If scholars and publics are to make meaning out of work with multiple points of access, however, then its creators/authors/audiences need to be literate in work that is partial, multiple, non-linear ... and potentially even ephemeral. Contemporary media is experiential: what seems like noise in a network environment can accumulate to create the core significant narratives that influence participants’ and spectators’ experiences we take away. Keith Hamon wrote about this recently in relation to the #MeToo hashtag, which he experienced as an immersive encounter with multiplicity, rather than any single tweet:. “The background noise is not incidental, not a nuisance or a distortion. It is the text.” In order to take an active role in the cultural narratives that emerge from watershed moments like #MeToo, academics will need literacies that allow us to engage their understanding in experiential, participatory, and timely ways, rather than publishing into a vacuum.

We need to acknowledge that the longform, journal-bound model for communicating knowledge is not especially accessible or useful beyond a small, specialized audience. The academic article serves a purpose, and should not be thrown out in response to pressure to modernize the academy. But if the academic article does not need to exit stage left, it does need to begin to share the scholarly stage with other forms of communication that are geared toward different audiences, who may have varying degrees of expertise, amounts of time to engage with research, and familiarity or interest in different information platforms. The academy needs to become literate in the communications of the society it is meant to serve.
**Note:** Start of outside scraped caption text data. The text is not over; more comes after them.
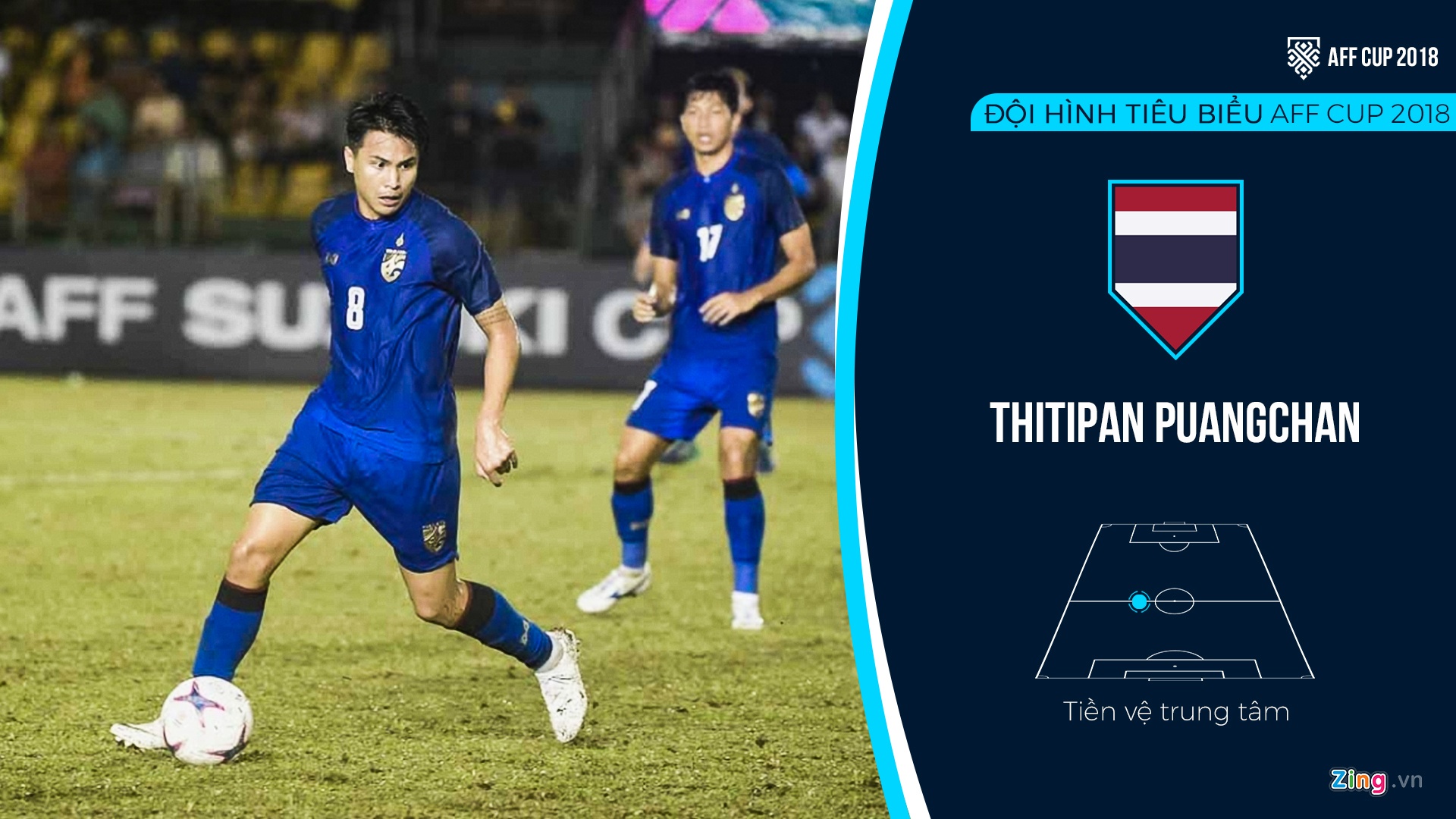 Doi hinh hay nhat AFF Cup 2018 anh 8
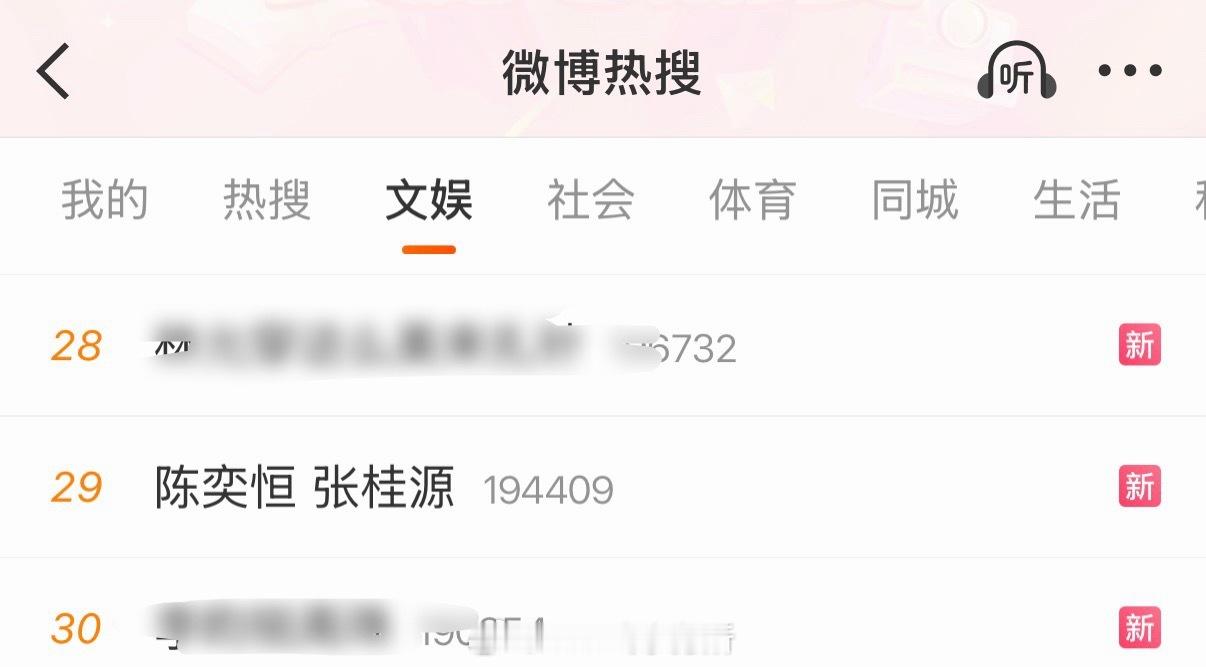 陈奕恒 张桂源大名上热搜了... 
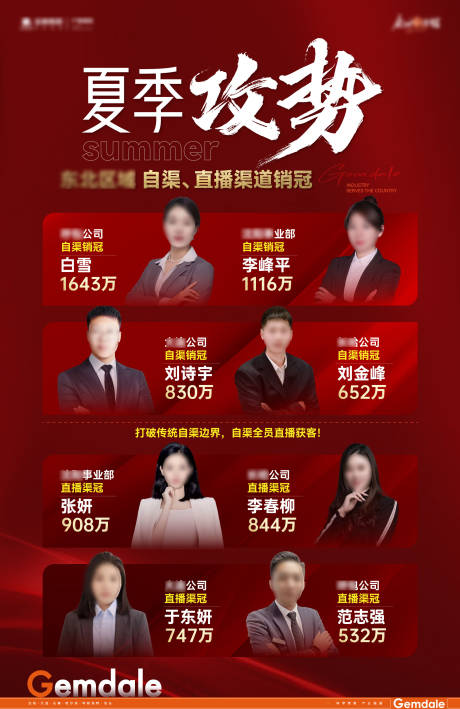 源文件下载【品牌攻势内邮】编号：40140030163305880
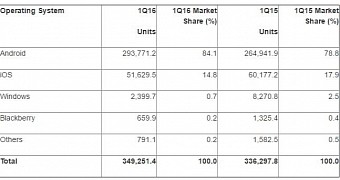 Mobile OS market share in Q1 2016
At this year’s Triangle SCI, our working group (“Digital Storytelling and the Future(s) of Multimedia Scholarship”) is made up of academic staff, graduate students, and faculty members from the east and west coast of North America. We’ve focused on iterating scholarship in different forms and formats. Our ongoing research question is “How can multimedia scholarship reframe our work as storytelling for / with multiple audiences in the current information ecosystem?” In order to put this research question into action, we’re manifesting it in a broad collection of work with multiple points of access: a podcast, a game, a website, performance art, a #TriangleSCI Twitter chat, and this public article. By exploring and versioning the same research question across multiple modes, we are able to do two things: 1) share ideas more broadly, in creative, multidisciplinary ways that reach a wider number of people; 2) explore our research question from multiple angles and through multiple forms of expression. Our media, method, and message are the same: we want to share narratives and story environments that invite diverse publics to participate in scholarship in action.

Our experiment with designing collaborative work with multiple points of access is not complete, and we’ll be engaging with publics and tracking uptake and usage over the coming months. But even our early stage exploration has been revealing -- we’re thinking beyond standard outputs and considering possibilities for more varied scholarly work. Scholarly work that, through multiple formats, can have broader, more heterogeneous reach and impact, in and outside academia.
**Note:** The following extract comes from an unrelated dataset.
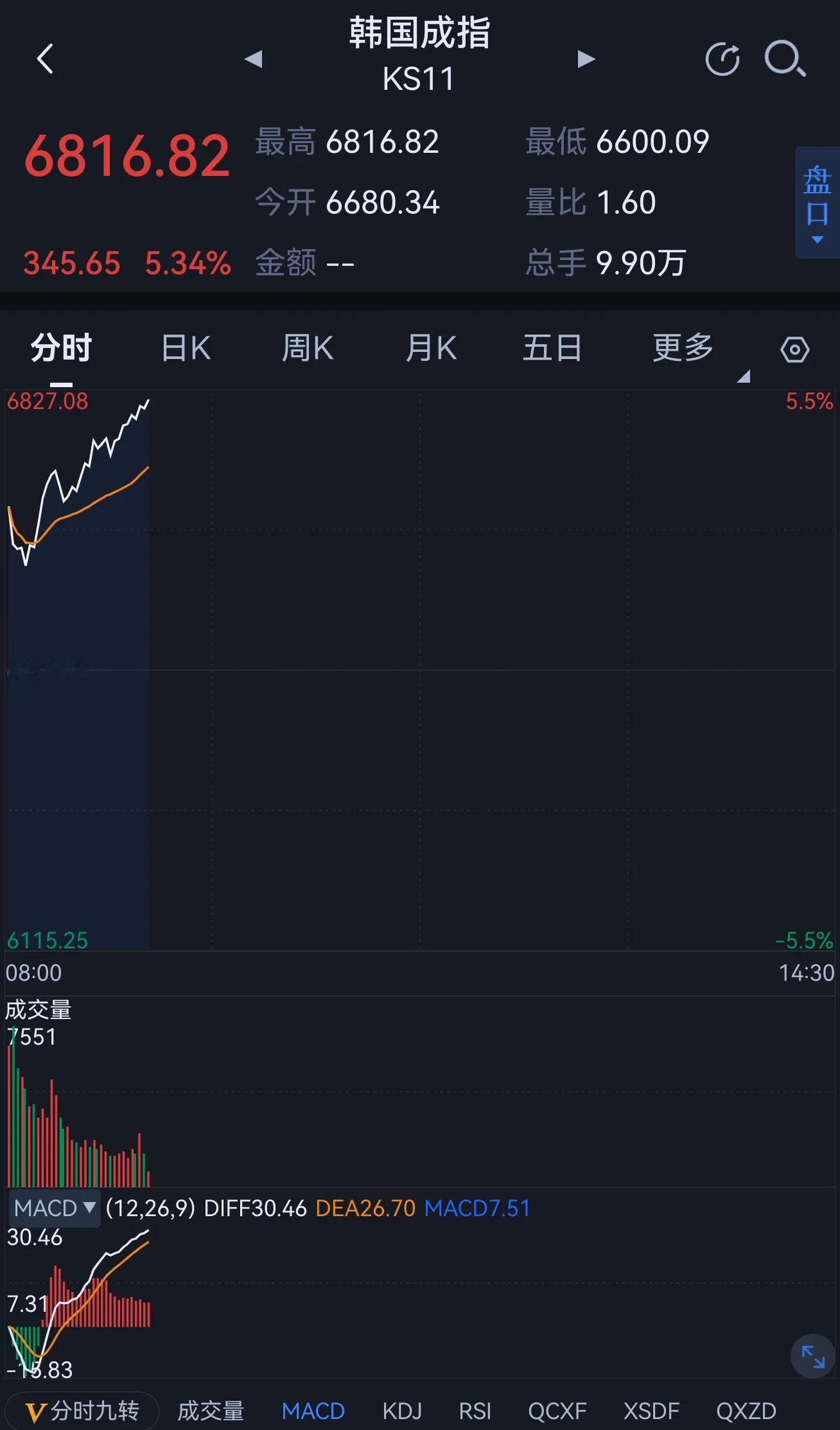 怎么说，今天KTV吗[灵光一闪]周一KTV周三ICU，周四呢，大A这精神状态，初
The final question, of course, is will we be able to represent this work as scholarship within our institutions and our fields? Will those who look at our CVs - rather than experiencing or participating in the outputs themselves - have the literacies to understand the work? Maybe. Maybe not. But part of rethinking scholarly communications involves opening up the question of who and what scholarship is for. If it has become a closed system aimed at status and job security rather than broad and collegial contribution to the narratives of our time, then we may find our institutions increasingly irrelevant as media creation and consumption evolves.